[Collected data]
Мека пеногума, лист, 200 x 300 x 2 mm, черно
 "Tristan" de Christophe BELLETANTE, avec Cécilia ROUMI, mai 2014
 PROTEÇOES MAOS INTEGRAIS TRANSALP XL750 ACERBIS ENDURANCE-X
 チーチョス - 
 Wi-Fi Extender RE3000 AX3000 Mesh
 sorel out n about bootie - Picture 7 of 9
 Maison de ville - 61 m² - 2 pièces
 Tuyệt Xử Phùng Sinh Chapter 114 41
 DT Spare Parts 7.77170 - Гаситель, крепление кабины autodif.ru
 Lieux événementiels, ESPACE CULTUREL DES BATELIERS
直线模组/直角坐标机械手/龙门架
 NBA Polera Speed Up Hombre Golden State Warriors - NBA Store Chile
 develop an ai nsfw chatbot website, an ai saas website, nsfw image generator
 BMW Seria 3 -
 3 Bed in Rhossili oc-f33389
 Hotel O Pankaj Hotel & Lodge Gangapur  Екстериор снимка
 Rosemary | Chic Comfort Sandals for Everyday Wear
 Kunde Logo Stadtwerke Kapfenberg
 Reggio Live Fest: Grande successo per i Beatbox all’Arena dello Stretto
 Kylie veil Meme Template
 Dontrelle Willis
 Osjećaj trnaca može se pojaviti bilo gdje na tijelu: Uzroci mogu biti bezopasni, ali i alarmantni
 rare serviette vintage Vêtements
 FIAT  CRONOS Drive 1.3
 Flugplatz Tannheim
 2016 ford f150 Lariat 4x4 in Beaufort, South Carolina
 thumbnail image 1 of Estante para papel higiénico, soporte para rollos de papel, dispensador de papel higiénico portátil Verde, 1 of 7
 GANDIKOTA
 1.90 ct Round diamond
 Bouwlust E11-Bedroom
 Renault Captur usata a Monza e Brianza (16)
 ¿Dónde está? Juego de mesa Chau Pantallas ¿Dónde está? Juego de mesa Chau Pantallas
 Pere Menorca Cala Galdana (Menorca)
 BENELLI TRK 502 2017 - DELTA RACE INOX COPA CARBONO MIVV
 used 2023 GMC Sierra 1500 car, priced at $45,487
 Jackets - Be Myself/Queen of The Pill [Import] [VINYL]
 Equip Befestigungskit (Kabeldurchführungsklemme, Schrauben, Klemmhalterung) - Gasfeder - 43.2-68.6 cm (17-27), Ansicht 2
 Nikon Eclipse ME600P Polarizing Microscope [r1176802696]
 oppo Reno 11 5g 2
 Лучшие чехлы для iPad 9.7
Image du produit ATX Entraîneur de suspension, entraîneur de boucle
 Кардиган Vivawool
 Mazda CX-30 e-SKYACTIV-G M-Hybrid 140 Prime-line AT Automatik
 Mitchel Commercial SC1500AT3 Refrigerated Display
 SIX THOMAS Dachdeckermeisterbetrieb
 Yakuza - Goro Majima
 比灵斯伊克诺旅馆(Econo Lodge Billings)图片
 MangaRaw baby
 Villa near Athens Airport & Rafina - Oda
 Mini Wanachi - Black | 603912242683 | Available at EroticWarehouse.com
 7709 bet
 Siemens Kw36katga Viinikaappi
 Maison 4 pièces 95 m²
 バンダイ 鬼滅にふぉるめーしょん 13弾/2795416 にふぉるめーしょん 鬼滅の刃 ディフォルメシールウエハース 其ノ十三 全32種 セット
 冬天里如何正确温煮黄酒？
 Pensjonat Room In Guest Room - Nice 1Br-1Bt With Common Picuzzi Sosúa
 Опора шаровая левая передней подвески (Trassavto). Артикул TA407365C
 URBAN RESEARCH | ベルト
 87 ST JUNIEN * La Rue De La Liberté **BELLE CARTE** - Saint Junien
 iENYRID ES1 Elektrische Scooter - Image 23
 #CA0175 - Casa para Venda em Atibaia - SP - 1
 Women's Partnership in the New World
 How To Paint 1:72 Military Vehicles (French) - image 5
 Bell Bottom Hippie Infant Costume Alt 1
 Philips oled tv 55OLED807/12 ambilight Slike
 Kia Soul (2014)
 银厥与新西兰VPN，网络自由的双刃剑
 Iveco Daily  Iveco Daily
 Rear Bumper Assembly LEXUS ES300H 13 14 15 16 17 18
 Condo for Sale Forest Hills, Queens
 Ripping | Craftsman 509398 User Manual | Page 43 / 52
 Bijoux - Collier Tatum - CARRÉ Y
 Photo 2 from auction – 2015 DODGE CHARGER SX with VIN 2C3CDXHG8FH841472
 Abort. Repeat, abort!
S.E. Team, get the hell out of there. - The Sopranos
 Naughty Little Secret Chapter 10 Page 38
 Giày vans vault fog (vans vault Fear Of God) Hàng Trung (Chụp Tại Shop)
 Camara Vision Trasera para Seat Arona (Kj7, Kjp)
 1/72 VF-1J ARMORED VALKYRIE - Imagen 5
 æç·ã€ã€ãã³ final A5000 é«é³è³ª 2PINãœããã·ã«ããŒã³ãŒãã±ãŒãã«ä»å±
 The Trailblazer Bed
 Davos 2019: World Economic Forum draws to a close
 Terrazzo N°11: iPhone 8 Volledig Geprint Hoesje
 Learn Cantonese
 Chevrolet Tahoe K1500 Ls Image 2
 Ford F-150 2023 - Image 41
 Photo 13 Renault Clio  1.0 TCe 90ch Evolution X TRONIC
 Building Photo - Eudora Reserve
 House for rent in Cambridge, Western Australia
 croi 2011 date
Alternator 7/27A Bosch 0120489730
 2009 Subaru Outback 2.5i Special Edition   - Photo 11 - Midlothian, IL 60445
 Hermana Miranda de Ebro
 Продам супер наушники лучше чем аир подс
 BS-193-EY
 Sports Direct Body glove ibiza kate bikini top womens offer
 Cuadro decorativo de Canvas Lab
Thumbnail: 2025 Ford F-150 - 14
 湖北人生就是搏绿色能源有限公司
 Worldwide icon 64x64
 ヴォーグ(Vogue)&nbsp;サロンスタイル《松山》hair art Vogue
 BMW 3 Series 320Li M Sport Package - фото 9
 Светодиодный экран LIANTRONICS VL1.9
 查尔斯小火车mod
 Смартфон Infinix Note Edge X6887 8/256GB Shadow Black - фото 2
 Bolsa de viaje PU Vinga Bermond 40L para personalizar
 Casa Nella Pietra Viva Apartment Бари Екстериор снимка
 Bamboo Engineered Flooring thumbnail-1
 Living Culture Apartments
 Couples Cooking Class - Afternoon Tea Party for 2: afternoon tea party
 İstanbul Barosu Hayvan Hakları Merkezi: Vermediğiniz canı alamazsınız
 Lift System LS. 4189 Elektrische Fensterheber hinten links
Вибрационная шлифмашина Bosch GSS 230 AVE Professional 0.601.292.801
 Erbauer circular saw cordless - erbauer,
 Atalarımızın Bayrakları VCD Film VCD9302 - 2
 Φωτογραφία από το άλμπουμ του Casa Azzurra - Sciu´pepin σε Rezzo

What you need to do: The answer must be every line from the records above that contains the word "Екстериор", copied in full.

Solution to the problem:
 Hotel O Pankaj Hotel & Lodge Gangapur  Екстериор снимка
 Casa Nella Pietra Viva Apartment Бари Екстериор снимка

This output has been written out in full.